Selain kedua silogisme tersebut, sebenarnya masih
ada bentuk silogisme yang lain yaitu silogisme disjunktif.
Silogisme
disjunktif adalah silogisme yang premis mayornya berupa
keputusan disjunktif sedangkan premis minornya keputusan kategoris yang
mengakui atau mengingkari salah satu alternatif yang disebut oleh premis mayor.[14]
Contoh:
Ia
lulus atau tidak lulus Agus
di rumah atau di pasar
Ternyata
ia lulus Ternyata
tidak di rumah
Jadi,
ia bukan tidak lulus jadi
di pasar
b. Entimem
Entimem
adalah suatu bentuk silogisme yang hanya menyebutkan premis atau kesimpulan
saja atau keduanya tetapi ada satu premis yang tidak dinyatakan.[15]

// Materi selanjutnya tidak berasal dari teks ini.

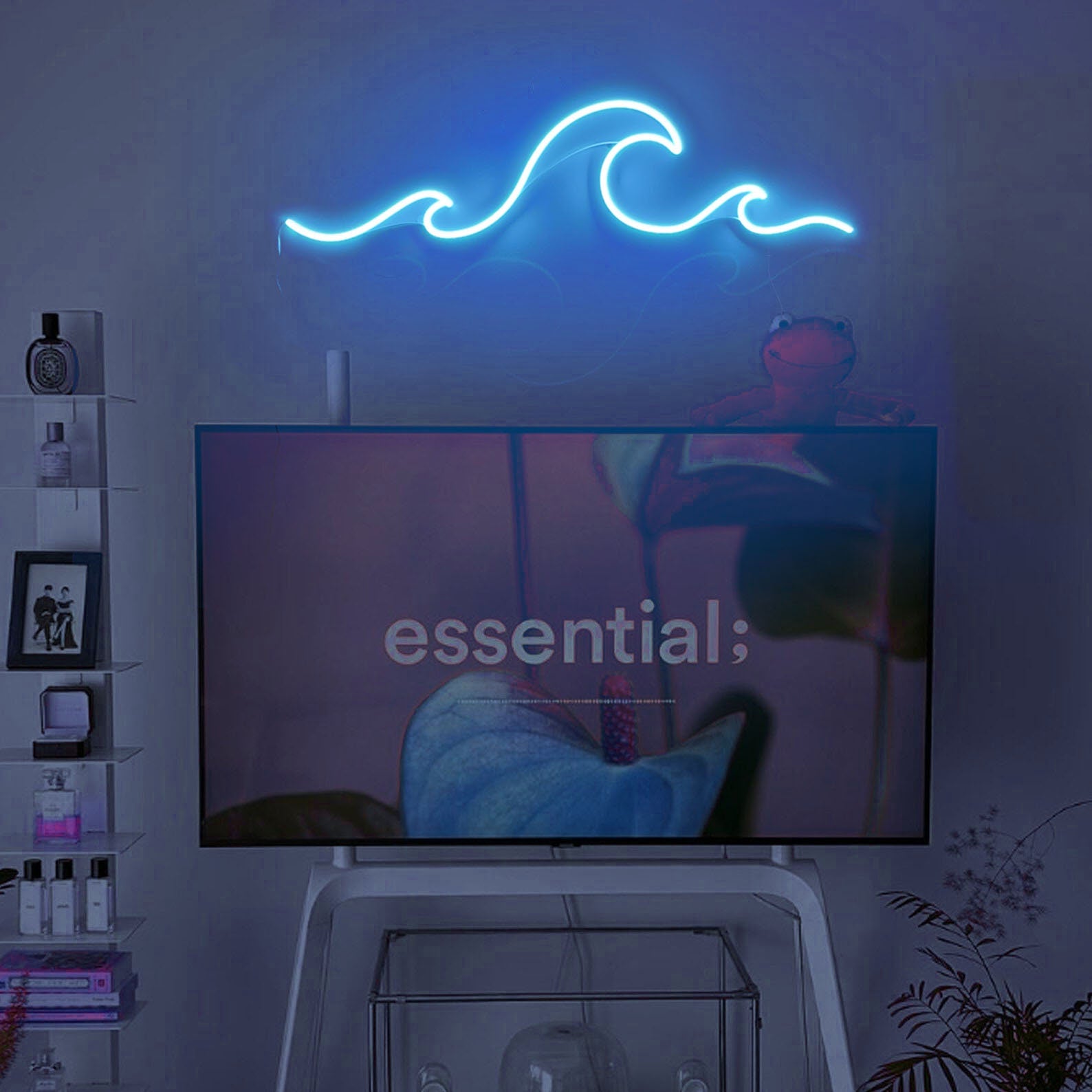 neon sign bedroom, wave neon sign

Entimem merupakan bentuk singkat silogisme. Contoh:
Basuki
adalah mahasiswa UIN
Maka
Basuki harus rajin membaca
Pada
contoh tersebut, premis yang tidak disebutkan adalah “Mahasiswa UIN harus rajin
membaca”. Meskipun tidak disebutkan, kalimat tersebut masih bisa dipahami.
2) Induktif
Penalaran induktif adalah proses berpikir berdasarkan
seperangkat gejala atau data yang diamati dengan menerapkan logika induktif
untuk menarik kesimpulan yang berlaku umum maupun khusus. Penalaran ini
bergerak dari hal-hal yang bersifat khusus menuju kesimpulan yang berlaku umum
untuk keseluruhan atau sebagian gejala yang diamati.[16]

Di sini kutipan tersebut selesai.